Each minute in a school day is precious. We need students to catch up and be on track with their learning. Meanwhile, we feel pressure to add activities, elements, and aspects to their day, without always identifying what’ll be removed to create time. At the same time, some argue that academically focused time is likely to pay better dividends than allowing students to run and play with friends and classmates.
Without question, these are worthy considerations. However, robbing students of recess may have longer term consequences than we think. Giving students breaks from learning and time to shift their focus to activities that aren’t planned and structured by adults can offer some surprising learning and life benefits.
The American Academy of Pediatrics advises there are several important outcomes associated with what we’ve traditionally called recess. First, children, and even adolescents, are best able to focus on learning when they’ve periodic mental breaks to focus on non-academic topics and activities. Other countries and cultures have long embraced schedules with intense focus followed by frequent mental and physical breaks. For example, young students in Japanese schools typically are given ten-to-fifteen-minute breaks each hour.
Simply shifting focus from one activity to another can be advantageous to learning, but the most significant benefits appear to come from breaks allowing students to choose and be free from tight structure. Research and experience hold that following breaks students are better ready to re-engage and focus on academic learning. Importantly, even though recess isn’t typically a part of school schedules for adolescents, they still need and benefit from mental and physical breaks. The same is true for adults.
Beyond academic learning, unstructured but safe and supervised recesses provide students with opportunities to develop important interpersonal skills, such as resolving conflicts, negotiating priorities, forming relationships, developing perseverance, and sharing resources. These skills are important building blocks for social success that can often get bypassed when adults are immediately available to enforce rules, render judgments, and direct behavior. We might think of these experiences as opportunities for students to develop and apply social and emotional learning and skills.
A study by professors at the University of Colorado and University of Denver further reinforces the benefits of less structured and unstructured activities in yet another aspect of student development. Researchers found that students who spent more time in free play appeared to develop greater executive functioning: the ability to plan, make decisions, use information with purpose, successfully switch between tasks, and manage thoughts and feelings. Of course, there’s a strong connection between executive functioning and academic success. Students with well-developed executive functioning tend to be less dependent on adults to manage their behavior and are better able to focus on important tasks.
Additionally, time spent running, chasing, and active play during recess also contributes to the recommended sixty minutes of physical activity each day. As a result, recess helps to combat obesity and sedentary lifestyles that contribute to health problems later in life. It can also take the edge off energy that leads some students to fidget, squirm, and engage in off-task behavior.
Importantly, recess shouldn’t be confused with or seen as interchangeable with physical education. Physical education is intended to be a more formal environment in which students learn skills and activities that help them to make good life choices and develop a healthy, active lifestyle. Physical education is an important part of the education of young people. It can also contribute to the total minutes of activity in which students engage daily, but recess and physical education have different purposes and play separate roles in learning.

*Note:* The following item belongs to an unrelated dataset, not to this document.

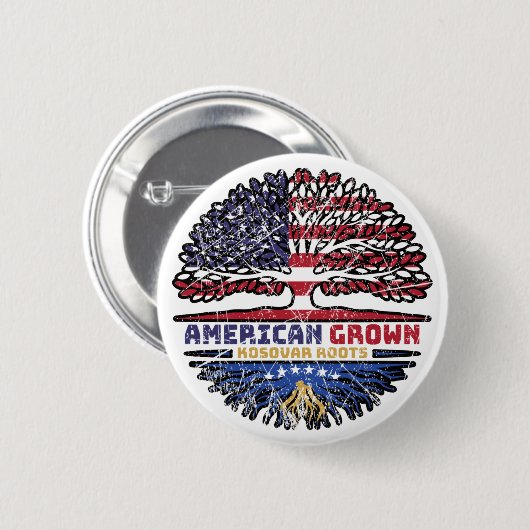 Badge Rond 5 Cm Kosovo Kosovar American USA Tree Roots Flag (Devant & derrière)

The American Academy of Pediatrics offers several recommendations regarding recess including:
Consider recess students’ free time. Resist over-structuring the time or withholding recess for academic or punitive reasons.
Schedule breaks of sufficient length for students to mentally decompress and be ready to re-engage.
Treat recess as a complement to physical education, not an alternative or replacement.
Provide adequate supervision during recess but avoid unnecessary structuring of activities.
Finally, opportunities to decompress and refocus aren’t just for young people. We, too, need to make breaks and exercise part of our routines if we hope to do our best work and be fully present and ready to support students as they learn.